▶ [How to complete this task]:
What follows is a listing. Write it all out exactly.

▶ [Source records]:
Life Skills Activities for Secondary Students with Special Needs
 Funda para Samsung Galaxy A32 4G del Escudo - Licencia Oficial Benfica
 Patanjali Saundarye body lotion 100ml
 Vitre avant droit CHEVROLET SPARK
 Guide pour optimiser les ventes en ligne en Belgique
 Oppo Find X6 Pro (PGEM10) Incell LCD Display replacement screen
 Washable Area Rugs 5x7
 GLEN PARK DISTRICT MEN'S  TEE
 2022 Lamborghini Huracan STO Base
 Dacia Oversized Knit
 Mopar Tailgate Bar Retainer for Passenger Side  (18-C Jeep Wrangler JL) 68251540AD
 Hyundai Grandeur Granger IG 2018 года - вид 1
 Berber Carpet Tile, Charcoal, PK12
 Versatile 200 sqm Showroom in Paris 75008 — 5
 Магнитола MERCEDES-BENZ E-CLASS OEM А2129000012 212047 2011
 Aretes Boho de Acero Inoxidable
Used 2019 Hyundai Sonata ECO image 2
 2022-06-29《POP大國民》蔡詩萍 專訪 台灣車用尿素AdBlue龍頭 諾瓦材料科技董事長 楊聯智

▶ [Output of the exercise]:
Life Skills Activities for Secondary Students with Special Needs
 Funda para Samsung Galaxy A32 4G del Escudo - Licencia Oficial Benfica
 Patanjali Saundarye body lotion 100ml
 Vitre avant droit CHEVROLET SPARK
 Guide pour optimiser les ventes en ligne en Belgique
 Oppo Find X6 Pro (PGEM10) Incell LCD Display replacement screen
 Washable Area Rugs 5x7
 GLEN PARK DISTRICT MEN'S  TEE
 2022 Lamborghini Huracan STO Base
 Dacia Oversized Knit
 Mopar Tailgate Bar Retainer for Passenger Side  (18-C Jeep Wrangler JL) 68251540AD
 Hyundai Grandeur Granger IG 2018 года - вид 1
 Berber Carpet Tile, Charcoal, PK12
 Versatile 200 sqm Showroom in Paris 75008 — 5
 Магнитола MERCEDES-BENZ E-CLASS OEM А2129000012 212047 2011
 Aretes Boho de Acero Inoxidable
Used 2019 Hyundai Sonata ECO image 2
 2022-06-29《POP大國民》蔡詩萍 專訪 台灣車用尿素AdBlue龍頭 諾瓦材料科技董事長 楊聯智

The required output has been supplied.